I've said before in this thread that "you can't regulate taste". I want to clarify that that's not entirely true, it's more a shorthand for "you can't efficiently regulate taste".
In most North American planning systems you have two options for approvals:
- "As-of-right" - i.e. permitted development. You write an explicit set of rules (permitted uses, setbacks, maximum height, landscaping requirements, etc.). The Development Officer's job is to confirm that your proposal meets the requirements and issue you a permit if it does.
- "Discretionary" - e.g. in Nova Scotia this would include development agreements and Site Plan Approval (which used to be used in Downtown Halifax). You establish a set of qualitative criteria, and Council or another body such as a Design Review Committee are responsible for determining if the proposal reasonably meets the qualitative criteria.
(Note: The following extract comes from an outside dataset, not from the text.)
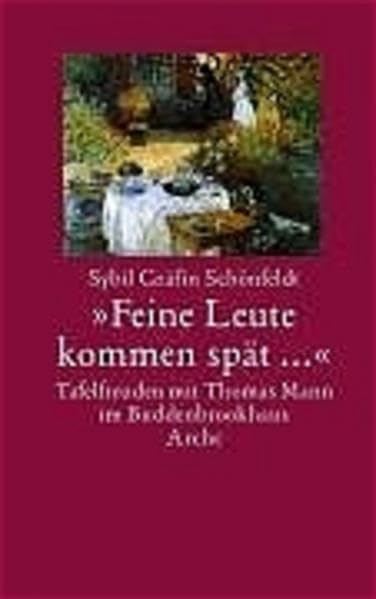 "Feine Leute kommen spät...": oder Bei Thomas Mann zu Tisch. Tafelfreuden im Lübecker Buddenbrookhaus Art & Literature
It is very hard to fit design regulation into as-of-right permitting. Good design is not just a palate of materials or the presence of certain design features. It is much more about the relationship of various design choices. For every example of bad metal siding, there is a building out there that uses metal siding to great effect. If you prohibit metal siding on the basis that one building with it is ugly, you also prohibit all of the good uses of it.
The best place where as-of-right regulation works really well for design is in heritage contexts. In those situations you have very specific elements that are essential to the narrow character that you're trying to preserve and emulate. For example, you can make a nice metal-clad building, but it will never be appropriate in the context of a Victorian heritage district.
In theory, it's much easier to regulate design through discretionary processes. Now you have a group of people who can look not just at the elements in isolation, but in terms of how they work together and how they fit their surroundings. The problem with this is that it's slow. It takes time to evaluate and it takes time to adjust designs to respond to comments and feedback. Also, there needs to be an appeal process, since we're a society that belives in checks-and-balances on decision makers. The end results is that you're looking at months, if not years, for an approval. That can be reasonable for big, important developments but it's simply untenanble when it comes to small-scale development.
So TL;DR:
- Regulate rigidly through as-of-right. Prevent a lot of good designs along with preventing bad.
- Regulate through a discretionary process, which takes way more time than is reasonable for a small building. Can you imagine the outcry (especially in this housing market) if it took months or years to get a permit for a simple building?
- Don't regulate taste. Yes, you'll get some bad stuff but you'll also get a lot of good.